Rehman doesn’t pretend to be a liberal; he wants to see Pakistan become a truly Islamic state. But the moral vigilantism and the proliferation of Taliban-inspired militias along the border with Afghanistan is not how he saw it happening. The emergence of Taliban-inspired groups in Pakistan has placed immense strain on the country’s Islamist community, a strain that may only increase with the assassination of Bhutto. As the rocket attack on Rehman’s house illustrates, the militant jihadis have even lashed out against the same Islamist parties who have coddled them in the past.
Also, see this outstanding op-ed on Bhutto's assassination by the author of The Last Mughal. It captures the duality of Bhutto's popularity in the West with craven, self-serving policies at home in Pakistan.
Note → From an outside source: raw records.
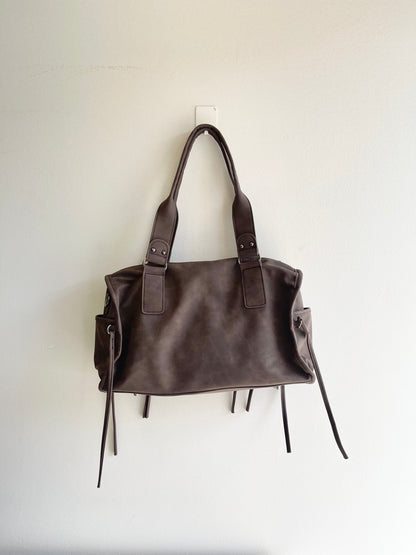 HARLOW Belted washed bag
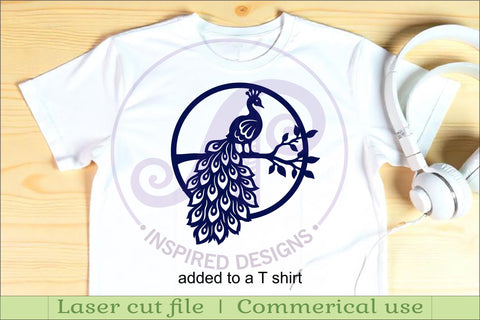 Peacock theme wall sign, SVG file. SVG APInspireddesigns 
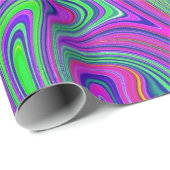 psychodelische Texturen Geschenkpapier (Rolleneckpunkt)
In the same vein as most of what we've suggested here, only rather better written.
Benazir Bhutto’s death is, of course, a calamity, particularly as she embodied the hopes of so many liberal Pakistanis. But, contrary to the commentary we’ve seen in the last week, she was not comparable to Myanmar’s Daw Aung San Suu Kyi. Ms. Bhutto’s governments were widely criticized by Amnesty International and other groups for their use of death squads and terrible record on deaths in police custody, abductions and torture. As for her democratic bona fides, she had no qualms about banning rallies by opposing political parties while in power.
Within her own party, she declared herself the president for life and controlled all decisions. She rejected her brother Murtaza’s bid to challenge her for its leadership and when he persisted, he was shot dead in highly suspicious circumstances during a police ambush outside the Bhutto family home.
Benazir Bhutto was certainly a brave and secular-minded woman. But the obituaries painting her as dying to save democracy distort history. Instead, she was a natural autocrat who did little for human rights, a calculating politician who was complicit in Pakistan’s becoming the region’s principal jihadi paymaster while she also ramped up an insurgency in Kashmir that has brought two nuclear powers to the brink of war.